When sending mail, do not leave it in an unsecured mailbox. Instead, drop your outgoing letters in a blue Postal Service mailbox or take it into the local post office. In addition, never put identifying information, such as account numbers, on the outside of your mail.

6) Use extreme caution when surfing the Internet. Only provide personal information to secured sites that use encryption technology because it is all too easy for identity thieves to use the Internet to intercept key details. By using secured sites — denoted by an “https” URL in your web browser’s address bar or a small yellow padlock in the browser’s lower right corner — you can ensure that no one else can view your data transfer. Data encryption further scrambles the information so that if there are eavesdroppers, they only see meaningless random characters.

In addition to using secure sites, make sure you have up-to-date virus protection on your computer to protect against malicious programs, such as Trojan Horses, that can record your keystrokes, websites visited, and personal information saved on your computer. Even if you have adequate virus protection, you should avoid storing personal information on your computer.

Also, by using disposable email accounts for each Internet transaction, you enhance your security and can avoid spam emails.

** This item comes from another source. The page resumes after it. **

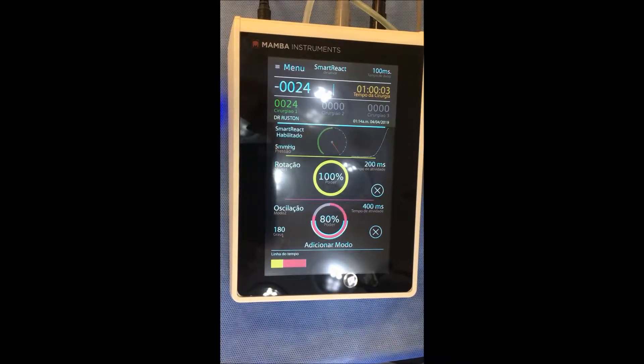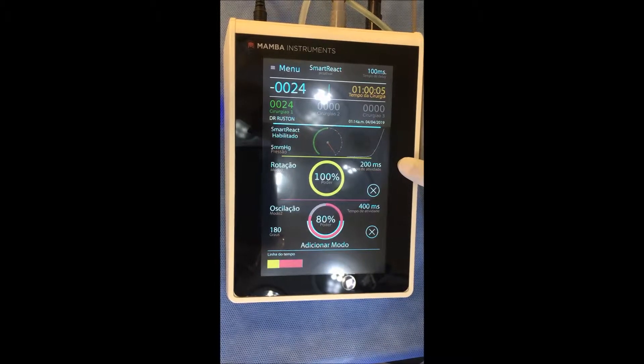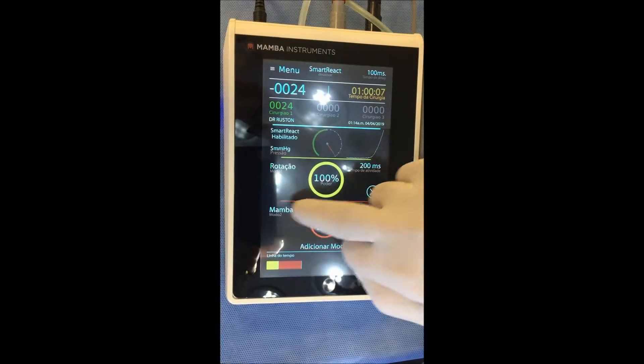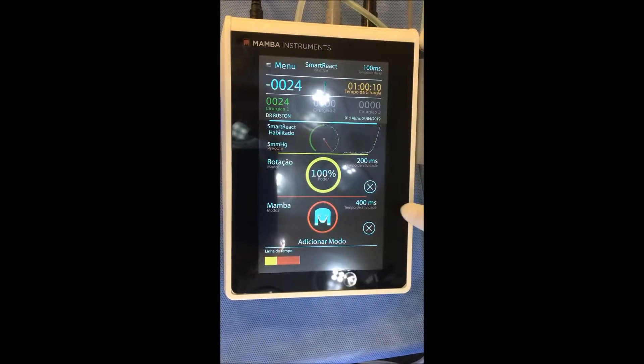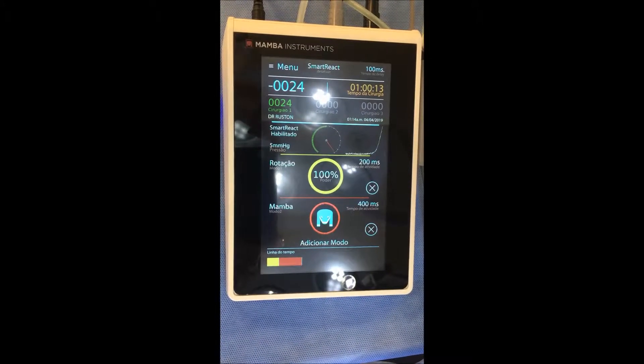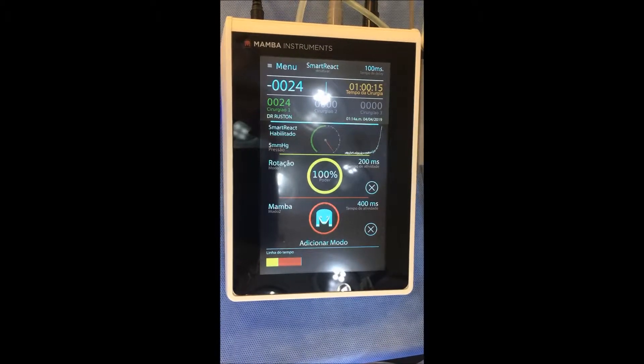Another setting you can start with is rotation 200 milliseconds plus mamba 400 milliseconds. I use mamba when I have a difficult case like splayed grafts, afro, and so on.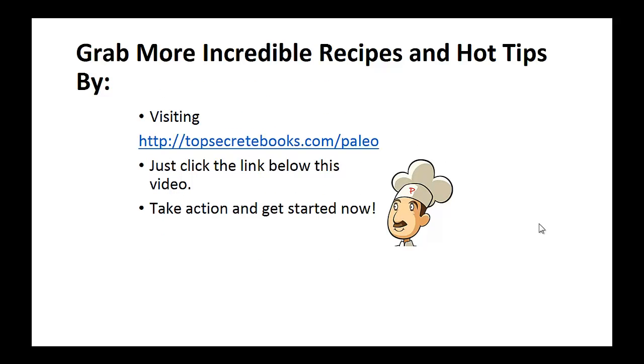And that's the recipe of the day. If you enjoyed this video, then like the video and subscribe to my channel. If you'd like to learn more about the paleo diet so you can experience improved sugar control and weight loss, then click the link below the video, take action and go check it out.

7) Check your credit report today. Often, identity theft victims aren’t aware of the theft until it is too late and their credit rating has been seriously damaged. However, you are entitled to a free copy of your credit report every 12 months. Take advantage of this to be absolutely certain that your credit information is accurate. Free reports are available from the following credit reporting bureaus: Trans Union, (800) 680-7289)/; Equifax, (888) 766-0008/; and Experian, (888) 397-3742/

One thing to keep in mind about identity theft: Some people have spent years trying to clear their name with creditors. However, with a dose of care and caution, you can avoid a similar headache.